Oktober 26, 2001

Verpasste Gelegenheit


Der Anruf kam vollkommen unerwartet. Mitten hinein ins "Tag der deutschen Einheit"-Getümmel schrillte das Telefon, Hannah nahm an. "Es ist für Dich" sagte sie und reichte mir mit einem Schulterzucken den Hörer.

"Cathie?" sagte ich, es gab um genau zu sein zwei, ich hoffte, aus den ersten Worten die Cathie erkennen zu können.

"Erinnerst du dich an mich? Hast du Marcs Handy-Nummer, ich habe mich ausgesperrt."

"Nein", sagte ich, aber ich schaue gerne mal nach, ich glaube, er hat irgendwann vor ein paar Jahren sein Handy weggeworfen, weil es dauernd kaputt war." Und: "Nein, hier steht seine Nummer auch nicht drin, kann ich was für dich tun?"

"Nein, er hat noch einen Schlüssel von mir, aber er ist nicht da."

"Nee, tut mir leid, da kann ich dir nicht helfen. Kann ich sonst was für dich tun?"

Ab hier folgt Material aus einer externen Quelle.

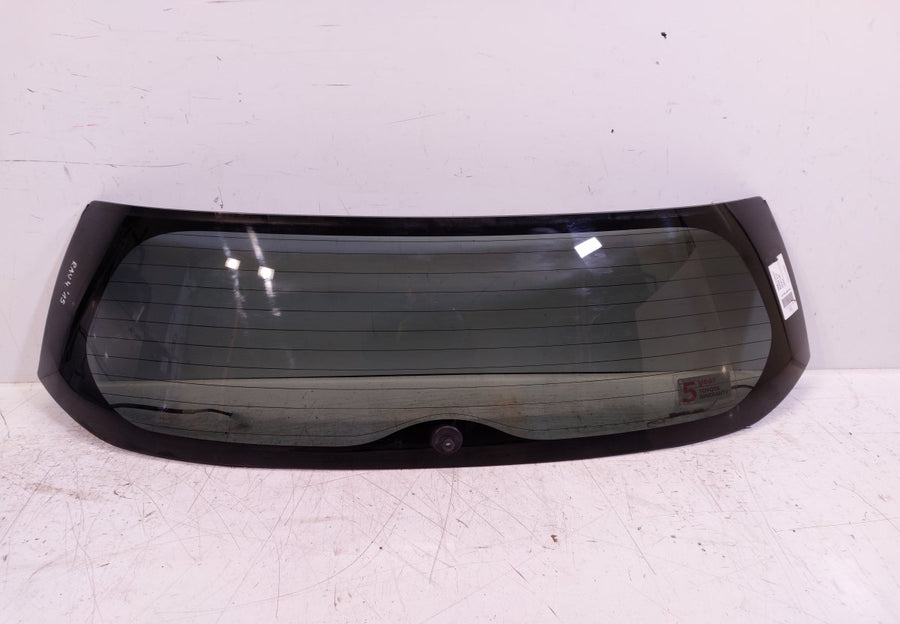 43R-005844 M31Q8 Rear Window glass TOYOTA RAV 4 IV (XA40) (2012-2019)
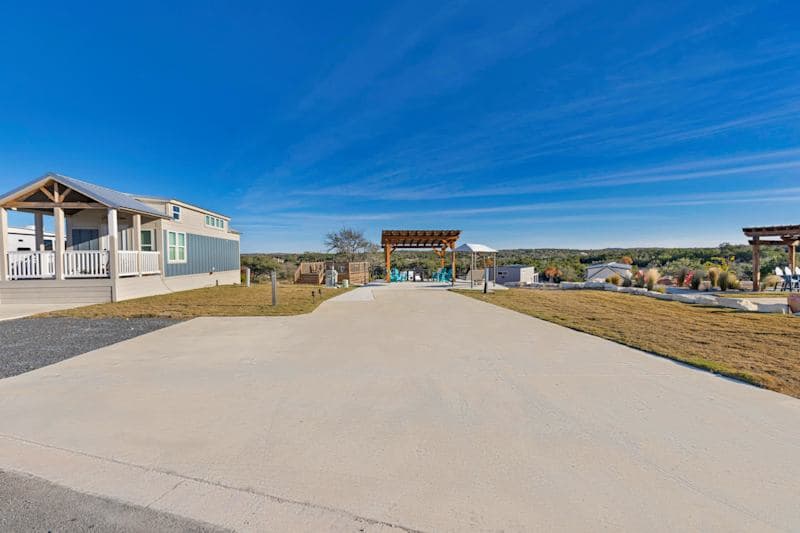 Firefly - Executive RV Site 171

"Kannst du eine Tür aufmachen?"

"Ja, aber hinterher ist alles kaputt."

"Na dann..."

Aufgelegt.

Das Gespräch war zu Ende, doch ich fing gerade erst zu denken an. War sie alleine draußen oder mit ihren drei Kindern? Hatte sie wenigstens den Autoschlüssel dabei oder waren sie alle in der Wohnung? Und hatten sie Jacken oder froren sie. Ich ahnte so langsam, dies war wieder so eine, eine verpasste Gelegenheit. Hier um jemanden zu helfen, der offensichtlich in Not war und sogar um Hilfe bat. Und ich habe nichts getan außer das Gespräch nett zu beenden. Das kriegst du so schnell nicht wieder gutgemacht, sang schon Reinhard Mey. Ich setzte mich an den Computer, der sonst für jeden Mist tausende überflüssiger Lösungen parat hat. Ich schaute in den Programmen der ISDN-Anlage nach einer Log-Datei für eingehende Anrufe, der ich die anrufende Nummer hätte entnehmen können, doch da war nichts. Ich schaute ins Hamburger Telefonbuch, online natürlich, aber wie hieß sie noch? Seit Jahren reden wir nur von Cathie, Cathie hier, Cathie da, Ja, jetzt weiß ich wieder. Aber sie selbst ist nicht eingetragen, nur ihr Mann, mit Festanschluss und Handy-Nummer. Aber den kann ich nicht fragen, sie, Cathie und er befinden sich im Krieg. Im Scheidungskrieg, und solange sie nicht kapituliert wird er einen Teufel tun und ihr oder ihren Bekannten helfen. Andererseits, sie ist nicht dämlich, wird wohl inzwischen einen Schlosser gerufen haben, der ihr völlig überteuert die Tür zerstört - damit es nicht zu schnell geht und mehr berechnet werden kann. Das hätte ich auch noch hingekriegt. Ich hätte wenigstens da sein können, sie solange mit ihren drei Kindern in ein Restaurant verschleppen und dort parken können, bis der gute Marc wieder auftaucht. Ich hätte. Habe ich aber nicht. Also Schwamm drüber.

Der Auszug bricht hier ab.